AI capex driving multi-hundred-billion buildout
AWS, Microsoft, Google, Meta and Oracle committed roughly $400B of combined capex in 2025 with comparable spend telegraphed for 2026, the majority routed through new data center capacity. Lead times for new builds have stretched from 18-24 months to 36-48 months as supply chains for switchgear, transformers, chillers and back-up generators tighten.
Power is the binding constraint
Northern Virginia, Dublin, Singapore, Frankfurt and Amsterdam have imposed moratoria or material restrictions on new data center grid connections since 2022. Dominion Energy's Northern Virginia connection queue stretches into 2030-2031. New campuses are being sited near nuclear (Talen-AWS Susquehanna), hydro (Quebec and Pacific Northwest), stranded gas and behind-the-meter solar-plus-storage.
Liquid cooling becoming standard for AI
NVIDIA Blackwell racks at 120 kW+ have pushed direct-to-chip liquid cooling from a niche option to the default for AI builds.
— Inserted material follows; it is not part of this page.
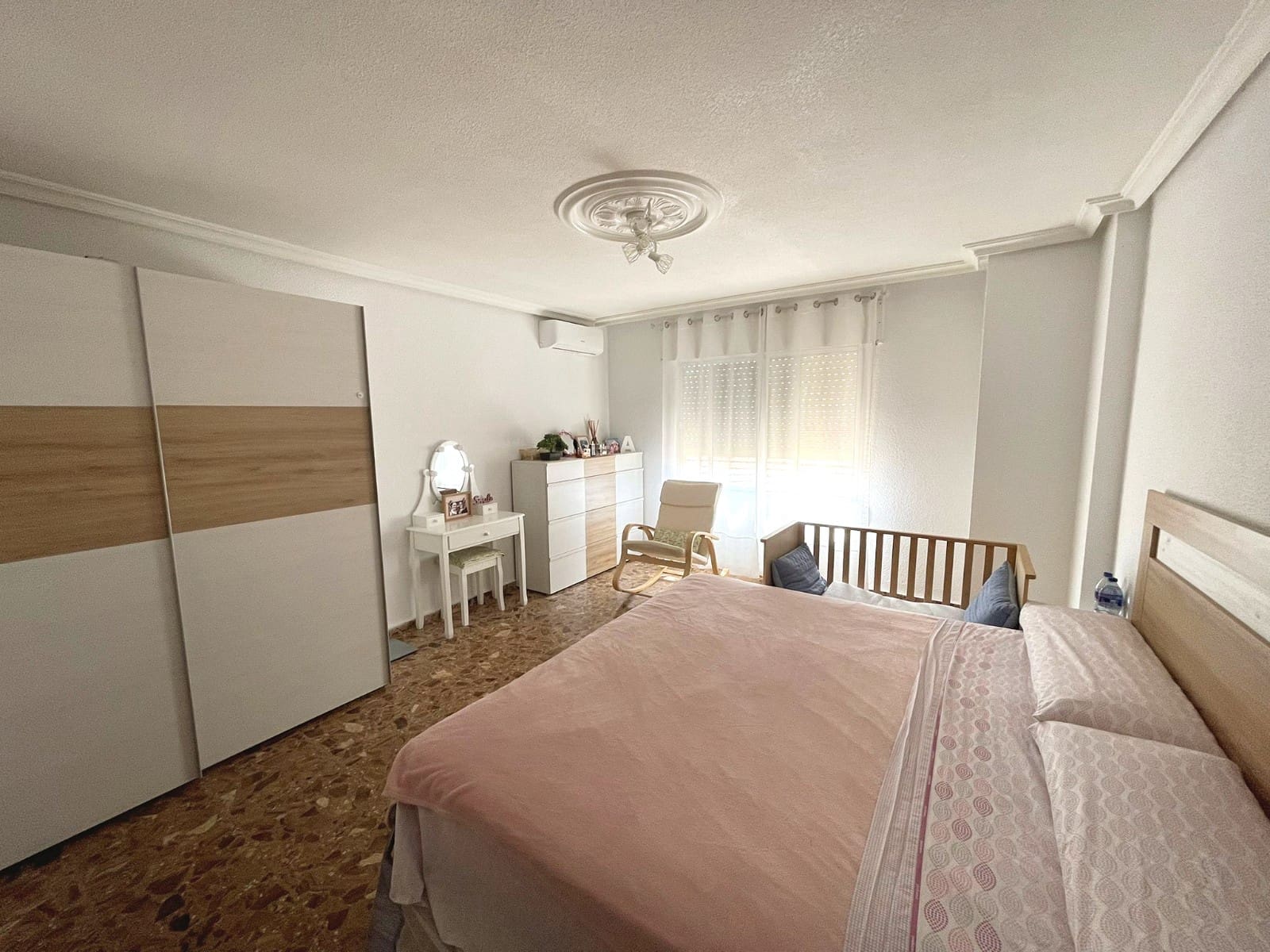 4 makuuhuone Huoneisto myytävänä paikassa Rojales - 145 000 € (Ref: 9996470)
Vertiv (NYSE: VRT), Schneider Electric and CoolIT have all seen order books materially extend; air-cooled retrofits to liquid have become a standard capex line at major operators.
Private capital dominating ownership
Blackstone (QTS), KKR/GIP (CyrusOne), DigitalBridge (Vantage and DataBank), Macquarie (Aligned), Brookfield (Compass) and EQT (EdgeConneX) now own the bulk of new-build hyperscale capacity outside the listed REITs. Public market vehicles play less of a role than they did in the prior cycle.
Sovereign and regional capacity programs
Saudi Arabia (Humain, $100B Vision 2030 commitment), UAE (G42 and Mubadala), India (RIL Jio-Brookfield JV) and France (Mistral-led sovereign AI cloud) are funding sovereign data center capacity. The category did not exist as an investment theme three years ago and now drives 5-10 GW of pipeline.
Public market re-rating
Equinix and Digital Realty have re-rated on AI-driven demand; CoreWeave's March 2025 IPO at $23B and Nebius's NASDAQ relisting in 2024 created new comparable benchmarks. M&A multiples on stabilised hyperscale assets have moved from 18-22x EBITDA in 2021 to 25-30x in 2025 deals.